Sie beauftragten die Aachener Ingenieursfirma Aviso und stellten ihr einen dreiköpfigen wissenschaftlichen Beirat zur Seite, der ein breites Spektrum der Ansichten und Anschauungen repräsentierte. Das brisante Ergebnis, das nun durch Recherchen unserer Zeitung bekannt wurde, ist für ein Auftragsgutachten sehr ungewöhnlich: Die absehbare Verringerung des Schadstoffausstoßes wird demnach bei weitem nicht ausreichen, um bis 2020 den EU-Grenzwert von 40 Mikrogramm Stickstoffdioxid pro Kubikmeter Luft zu erreichen. Ohne irgendwelche Schritte würde der Stickoxidgehalt im Jahresdurchschnitt 2020 bei 69 Mikrogramm liegen, unter Berücksichtigung der Ausstattung von Dieselautos mit neuer Software und des beschleunigten Austauschs älterer gegen neue Fahrzeuge käme man auf 62 Mikrogramm. Der große Sprung nach unten wären demnach Fahrverbote, durch die der Wert auf 50 Mikrogramm stiege. Berücksichtigt man dann noch Faktoren wie den sinkenden Anteil von Dieselautos, kommt man auf 46 – immer noch 6 zu viel.

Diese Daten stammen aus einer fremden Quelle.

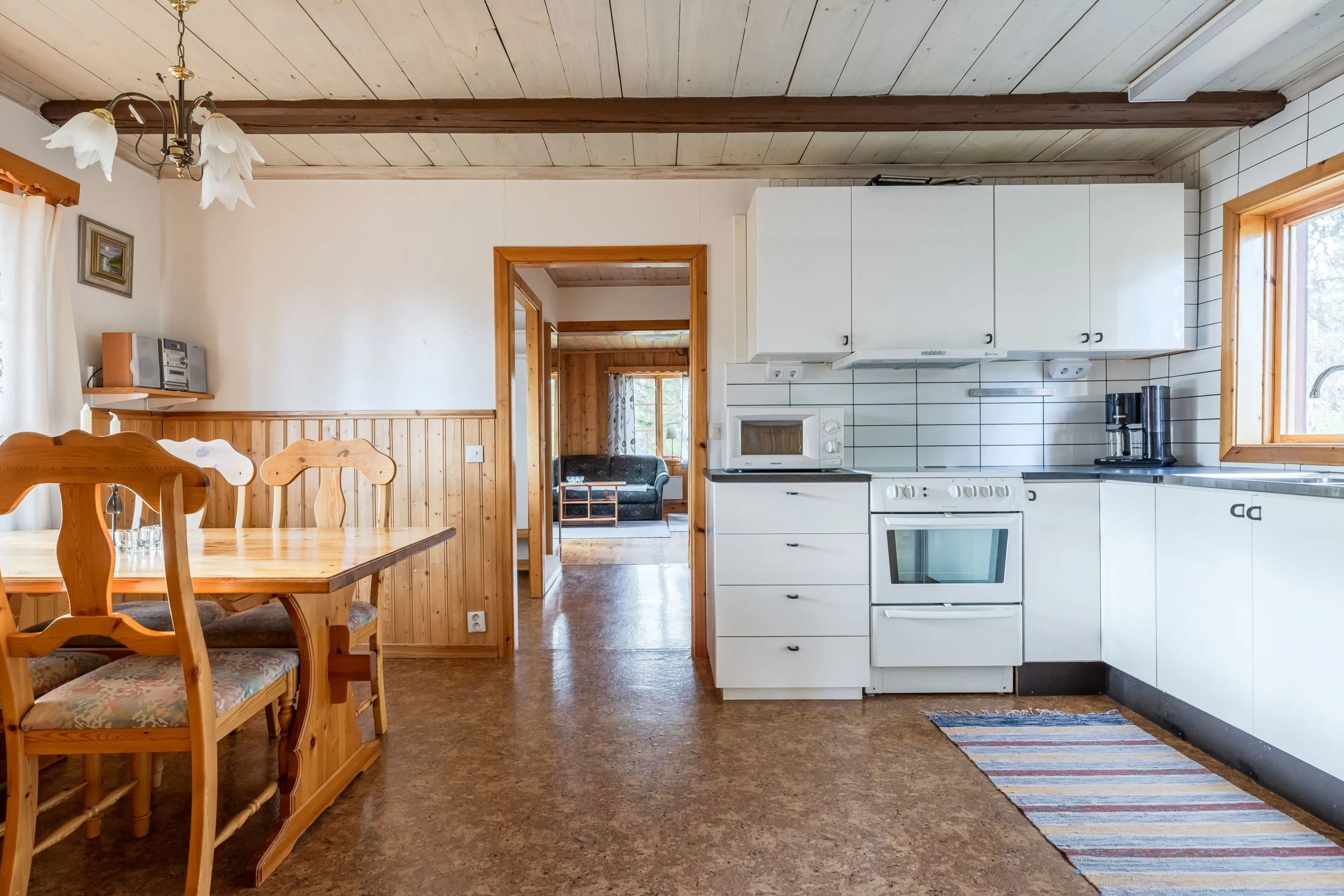 Swedish Country House with Expansive Lot Near Ski Trails - Image 4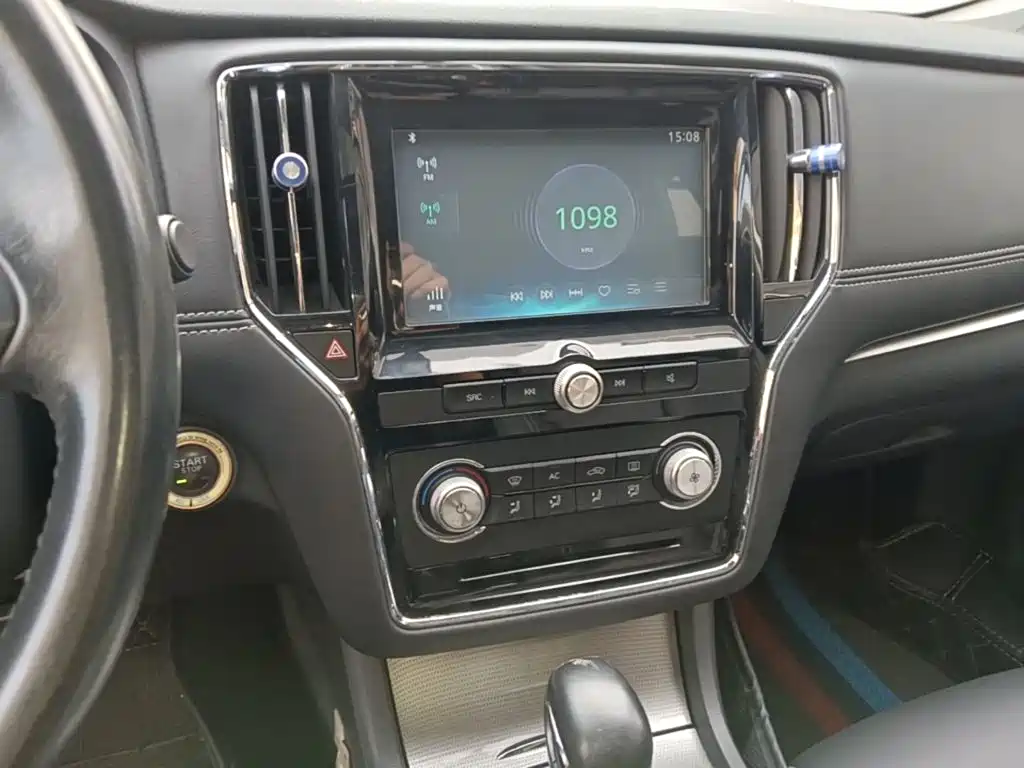 Roewe i6 Classic — миниатюра 13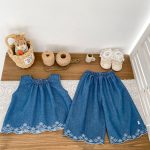 【73-120】セットアップ ベビー 女の子 デニムトップス&パンツ ノースリーブ - 画像 (5)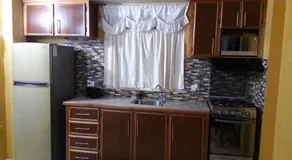 Wallace Holiday Apartments - Image 4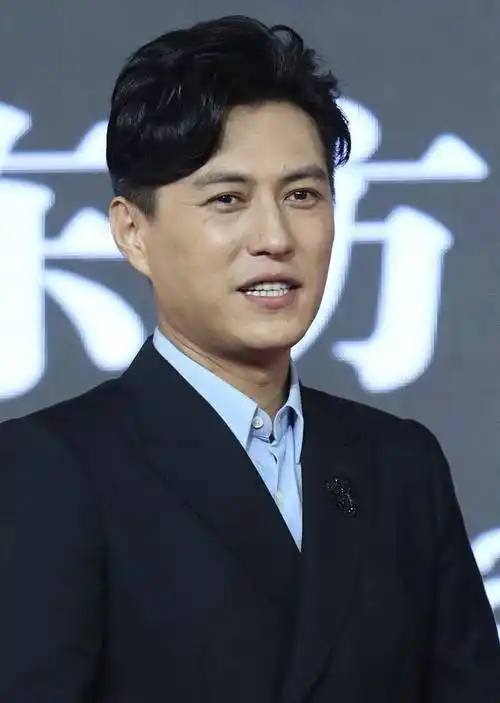 影帝靳东;坐拥19家公司,今44岁与娇妻秀恩爱,网友;人生赢家_李佳_感情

Warum soll die Belastung künftig nur noch langsam sinken?

Der Einfluss der Branche auf die Studie war so gering, dass sie auch Erkenntnisse enthält, an der industrienahe Experten erhebliche Zweifel äußern. Dass etwa die Belastung am Neckartor im vergangenen Jahr um 9 Mikrogramm sank, in den drei folgenden Jahren aber nur noch durchschnittlich um knapp vier Mikrogramm zurückgehen soll, gehört zu den großen Rätseln der Studie. Auftraggeber Bosch äußerte sich diplomatisch: Derzeit würden die Erkenntnisse der Studie „mit der aktuell realen Immissionsentwicklung abgeglichen“. Erst dadurch ergebe sich ein ganzheitliches Bild.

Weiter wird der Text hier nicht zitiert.